At most Thanksgiving celebrations—across the nation—there is a moment when the people around the table shift their focus from the bounty of goodness heaped upon their plates to the bounty of goodness that fills their lives. We say “thank you” for family and friends, for health and well-being, for success and plenty. We encourage our children to look beyond what they assume they should have, to truly appreciate all that they are fortunate to have. We take time to count our blessings from the biggest to the smallest. But, to whom do we thank? Sure, we thank the cooks for the love and care that they have taken to bring us this wonderful meal. Perhaps we thank our parents for teaching us, our children for inspiring us, our friends for supporting us. We may thank – in absentia – people who we work with, people who have provided us with something we value, random people that crossed our paths both literally and figuratively. These are all good people to thank. Please, this year, at your Thanksgiving table, say “thank you” to or for all of these people.
Then, in honor of Chanukah, remember Hallel and take a moment to say “thank you” to God. You do not have to believe that God is the source of every blessing in your life. You do not have to believe in any classical notion of God, at all. All I ask is that you be open to a world in which human effort is not the end all. Be open to a universe infused by the divine presence. Be open to your life with the Infinite.

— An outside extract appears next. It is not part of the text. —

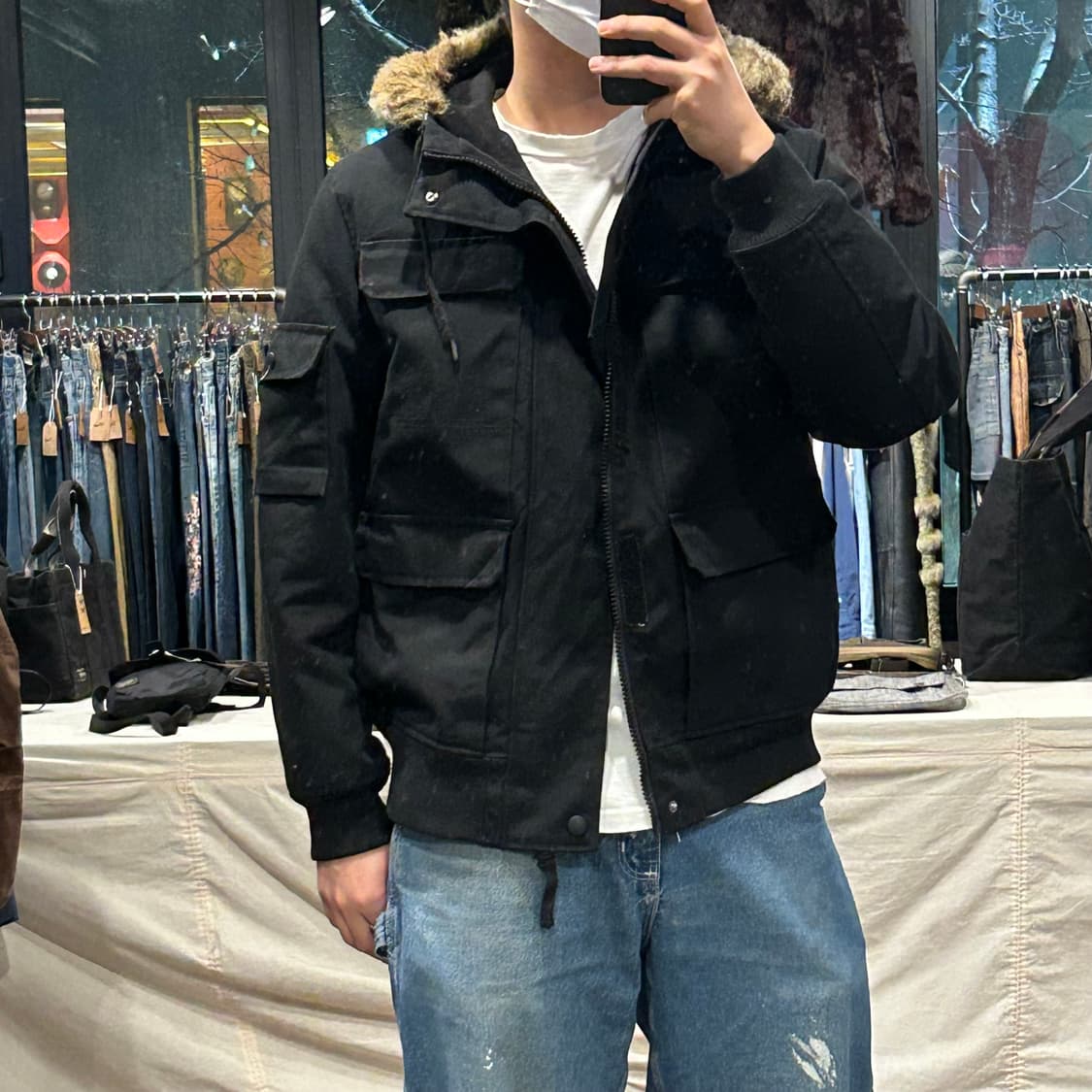 M) H&M 블랙 후드 퍼 패딩 점퍼 상품이미지8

Praise Adonai for God is good, God’s steadfast love is eternal.
~Psalm 118:1 & 29
When, through the act of giving thanks, we connect to something beyond ourselves we become more than merely ourselves. When an individual thanks all of the people that touches his or her life, that individual find that he or she is family, community, society. When we include God in our thanks, we find that we are universal – we are infinite.
This Thanksgivukkah, connect to your family, your community, your society.
Invite God to your Thanksgiving-Chanukah celebration this year.
Connect to all the families, all the communities, all the societies; connect to the infinite.
Praise Adonai, all you nations; extol God, all you peoples, for great is God’s steadfast love toward us; Adonai’s faithfulness endures forever. Halleluyah!
*Just for the record, Thanksgiving and Chanukah overlap every few years; the uniqueness of this year is that the first day of Chanukah is directly on Thanksgiving. Because we begin lighting our candles the evening before, I would argue that, in reality, a more interesting overlap is on years when Chanukah begins on Friday and, therefore, we are lighting the first candle at our Thanksgiving meal!